◆ **Image-caption web data**
···

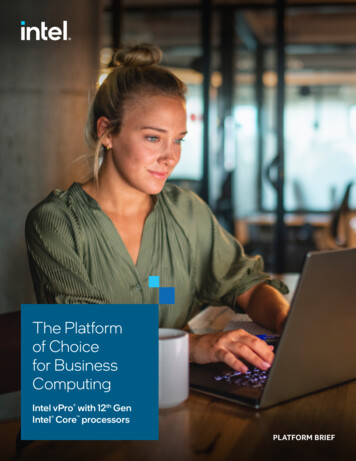 The Platform Of Choice For Business Computing - Intel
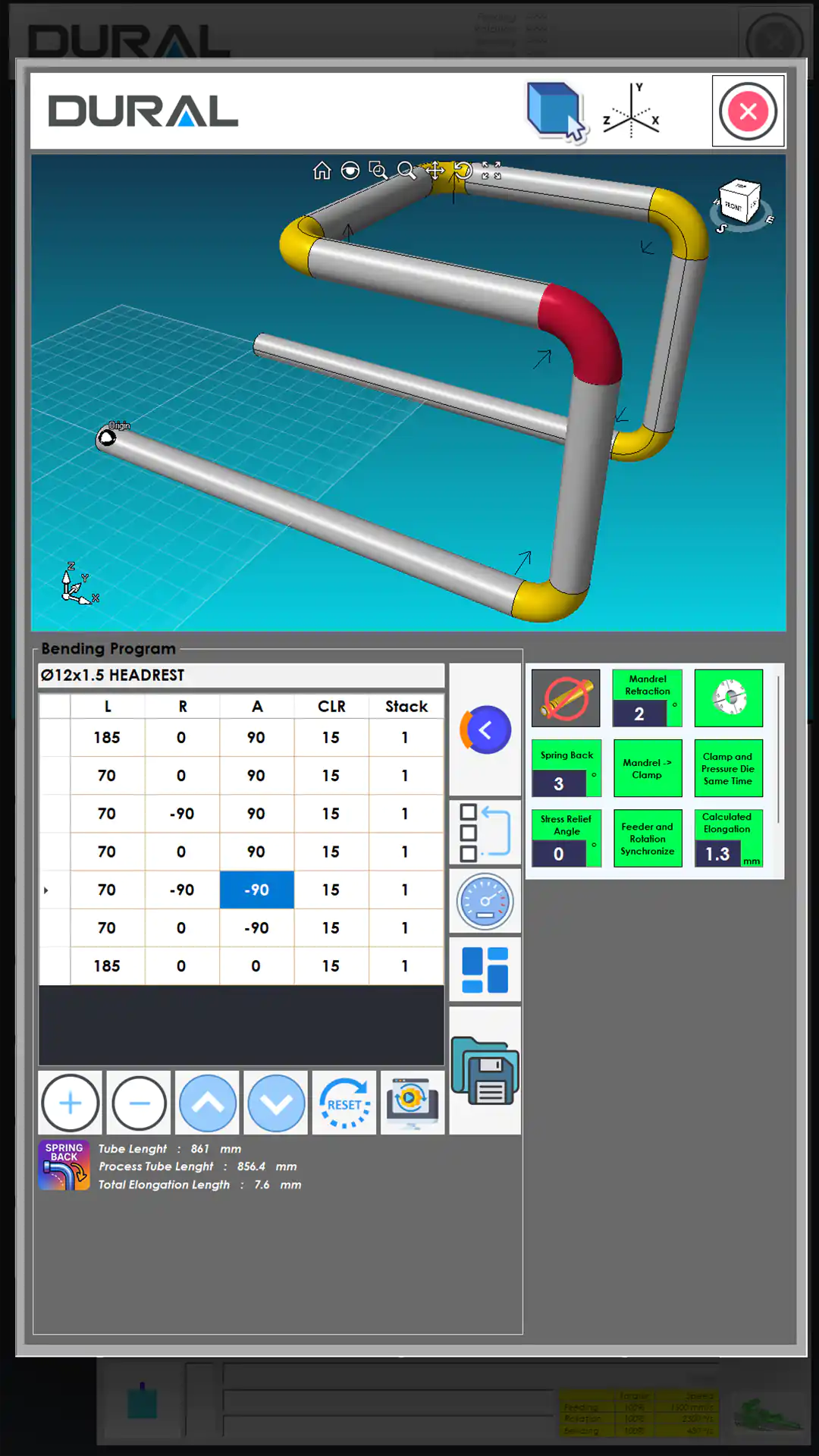 MyDural ETU advanced LRA programming screen with live 3D tube model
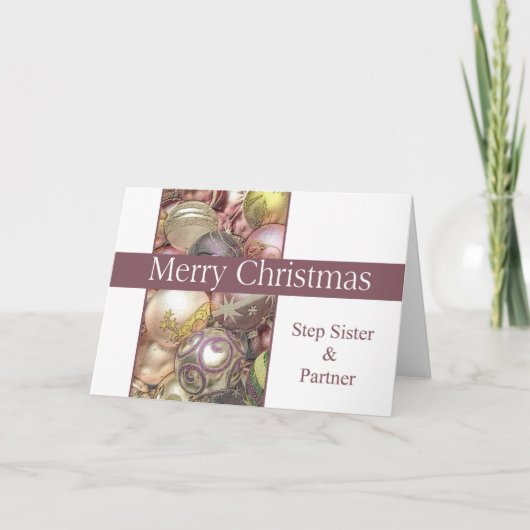 Stap zus en Partner Merry-kerstkaart Feestdagen Kaart (Voorkant)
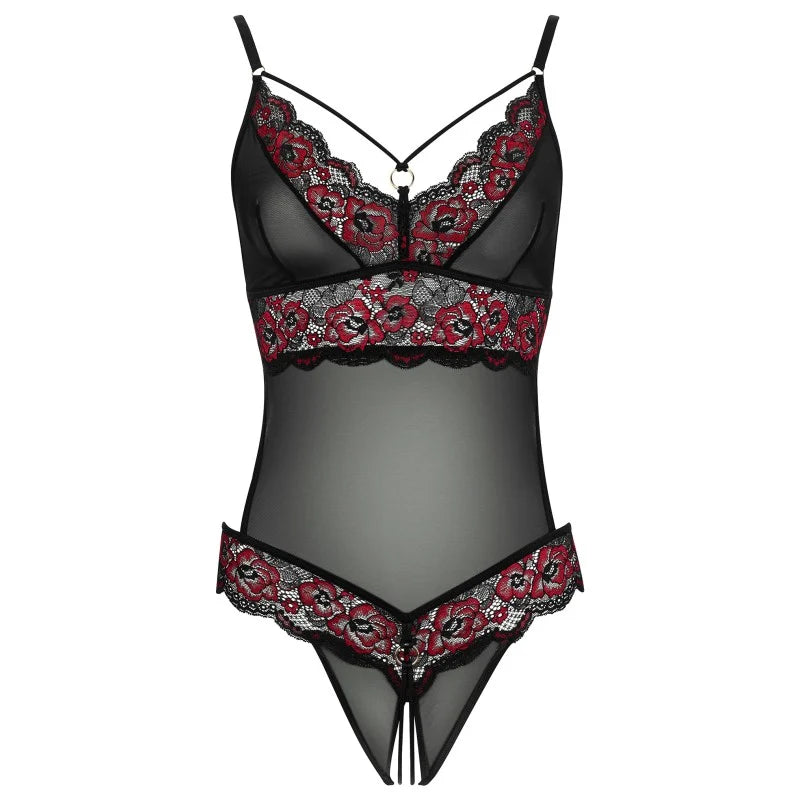 Body string en dentelle florale bicolore et résille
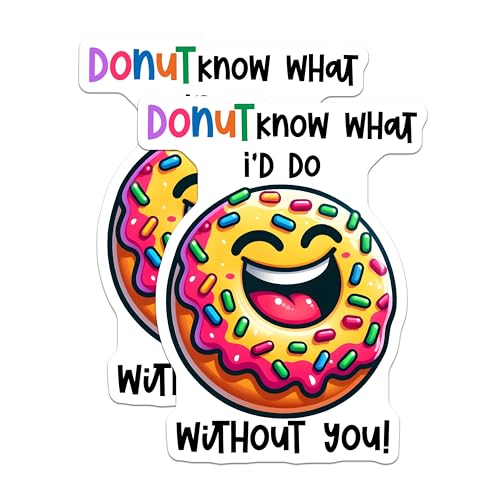 (2 Pack) Cute Donut Love Magnets Magnets - Funny Donut Themed - Colorful Magnet Design - 5" On Longest Side - Made in USA - Sticks to Refrigerators & Metal Surfaces - MAG8783
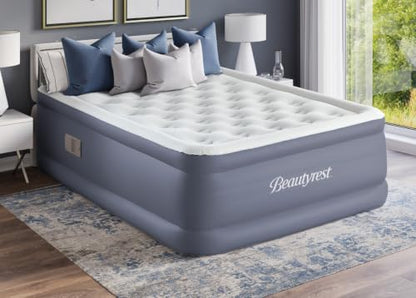 Queen Size Air Mattress with Auto Pump - 24 Inch Tall, Soft Flocked Top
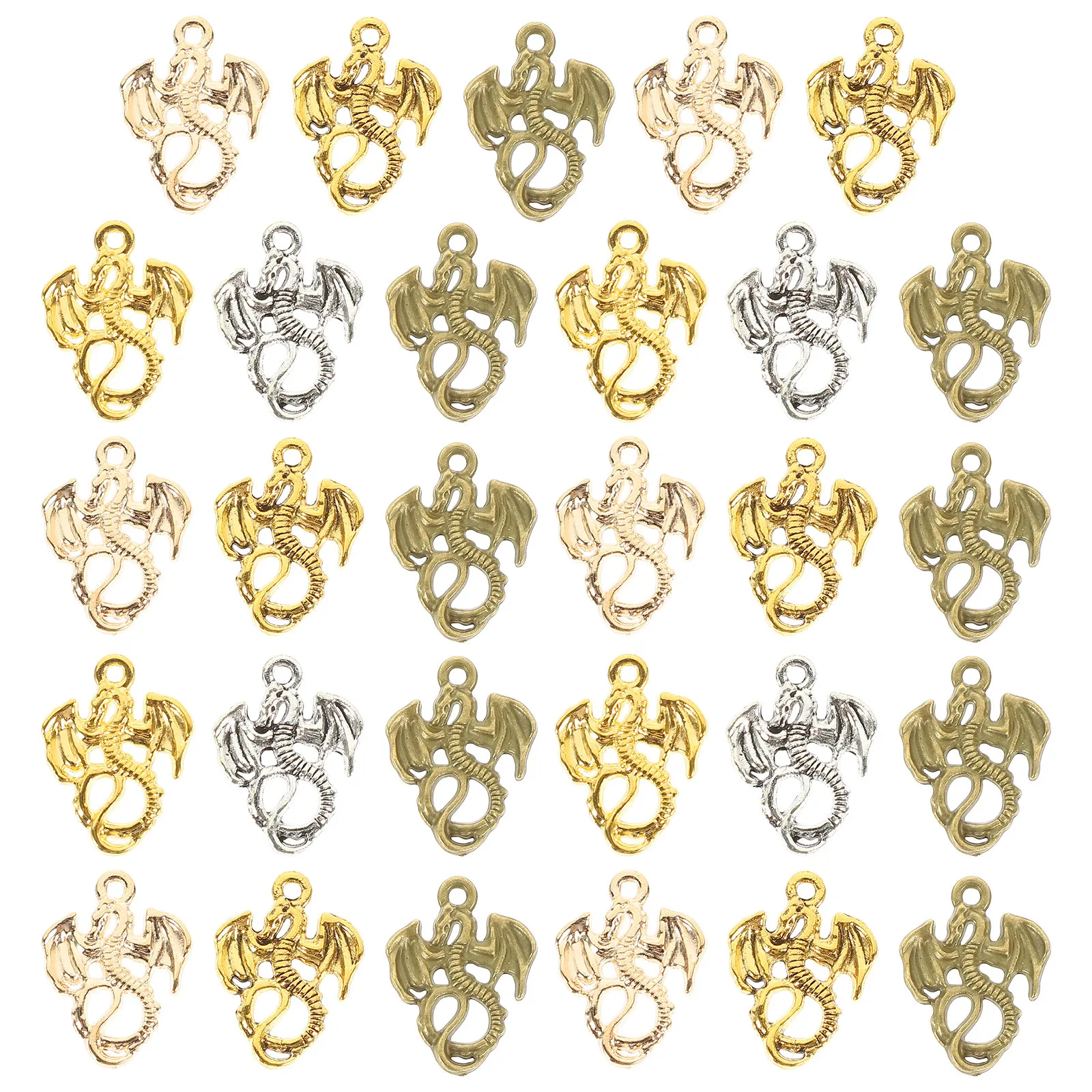

100Pcs Elegant Dragon Charm Pendants Vintage Alloy Metal Dragon Charms for Jewelry Making Necklace Bracelet DIY Craft Hanging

···

◆ **Work task**
Pictures don't belong in the copy. Restate all the entries exactly.

◆ **Solution to this exercise**
 The Platform Of Choice For Business Computing - Intel
 MyDural ETU advanced LRA programming screen with live 3D tube model
 Stap zus en Partner Merry-kerstkaart Feestdagen Kaart (Voorkant)
 Body string en dentelle florale bicolore et résille
 (2 Pack) Cute Donut Love Magnets Magnets - Funny Donut Themed - Colorful Magnet Design - 5" On Longest Side - Made in USA - Sticks to Refrigerators & Metal Surfaces - MAG8783
 Queen Size Air Mattress with Auto Pump - 24 Inch Tall, Soft Flocked Top

100Pcs Elegant Dragon Charm Pendants Vintage Alloy Metal Dragon Charms for Jewelry Making Necklace Bracelet DIY Craft Hanging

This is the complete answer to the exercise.